Do we only do this for NONE, and not for WT? That would be a bit a bug I
guess ...

> +	 * LLC. The kernel uses this to always flush writes through the CPU
> +	 * cache as early as possible, where it can, in effect keeping
> +	 * @cache_dirty clean, so we can potentially avoid stalling when
> +	 * flushing the surface just before doing the scanout.  This does mean
> +	 * we might unnecessarily flush non-scanout objects in some places, but
> +	 * the default assumption is that all normal objects should be using
> +	 * I915_CACHE_LLC, at least on platforms with the shared LLC.
> +	 *
> +	 * Supported values:
> +	 *
> +	 * I915_BO_CACHE_COHERENT_FOR_READ:
> +	 *
> +	 * On shared LLC platforms, we use this for special scanout surfaces,
> +	 * where the display engine is not coherent with the CPU cache.
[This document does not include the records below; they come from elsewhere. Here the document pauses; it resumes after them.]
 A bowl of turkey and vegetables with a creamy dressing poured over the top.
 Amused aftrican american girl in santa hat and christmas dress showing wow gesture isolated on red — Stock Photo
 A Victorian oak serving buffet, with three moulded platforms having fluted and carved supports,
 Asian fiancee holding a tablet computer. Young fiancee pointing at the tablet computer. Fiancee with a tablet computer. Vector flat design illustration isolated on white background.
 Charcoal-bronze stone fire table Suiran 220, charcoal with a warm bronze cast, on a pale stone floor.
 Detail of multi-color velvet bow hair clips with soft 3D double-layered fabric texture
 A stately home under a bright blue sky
As such
> +	 * we need to ensure we flush any writes before doing the scanout. As an
> +	 * optimisation we try to flush any writes as early as possible to avoid
> +	 * stalling later.
> +	 *
> +	 * Thus for scanout surfaces using I915_CACHE_NONE, on shared LLC
> +	 * platforms, we use:
> +	 *
> +	 *	cache_coherent = I915_BO_CACHE_COHERENT_FOR_READ
> +	 *
> +	 * While for normal objects that are fully coherent we use:
> +	 *
> +	 *	cache_coherent = I915_BO_CACHE_COHERENT_FOR_READ |
> +	 *			 I915_BO_CACHE_COHERENT_FOR_WRITE
> +	 *
> +	 * And then for objects that are not coherent at all we use:
> +	 *
> +	 *	cache_coherent = 0
> +	 *
> +	 * I915_BO_CACHE_COHERENT_FOR_WRITE:
> +	 *
> +	 * When writing through the CPU cache, the GPU is still coherent. Note
> +	 * that this also implies I915_BO_CACHE_COHERENT_FOR_READ.
> +	 */
>  #define I915_BO_CACHE_COHERENT_FOR_READ BIT(0)
>  #define I915_BO_CACHE_COHERENT_FOR_WRITE BIT(1)
> +	unsigned int cache_coherent:2;
> +
> +	/**
> +	 * @cache_dirty:
> +	 *
> +	 * Track if we are we dirty with writes through the CPU cache for this
> +	 * object. As a result reading directly from main memory might yield
> +	 * stale data.
> +	 *
> +	 * This also ties into whether the kernel is tracking the object as
> +	 * coherent with the GPU, as per @cache_coherent, as it determines if
> +	 * flushing might be needed at various points.
> +	 *
> +	 * Another part of @cache_dirty is managing flushing when first
> +	 * acquiring the pages for system memory, at this point the pages are
> +	 * considered foreign, so the default assumption is that the cache is
> +	 * dirty, for example the page zeroing done by the kernel might leave
> +	 * writes though the CPU cache, or swapping-in, while the actual data in
> +	 * main memory is potentially stale.  Note that this is a potential
> +	 * security issue when dealing with userspace objects and zeroing. Now,
> +	 * whether we actually need apply the big sledgehammer of flushing all
> +	 * the pages on acquire depends on if @cache_coherent is marked as
> +	 * I915_BO_CACHE_COHERENT_FOR_WRITE, i.e that the GPU will be coherent
> +	 * for both reads and writes though the CPU cache.
> +	 *
> +	 * Note that on shared LLC platforms we still apply the heavy flush for
> +	 * I915_CACHE_NONE objects, under the assumption that this is going to
> +	 * be used for scanout.
> +	 */

I feel like rethinking all our special cases here would be really good,
especially around whether we need to flush for security concerns, or not.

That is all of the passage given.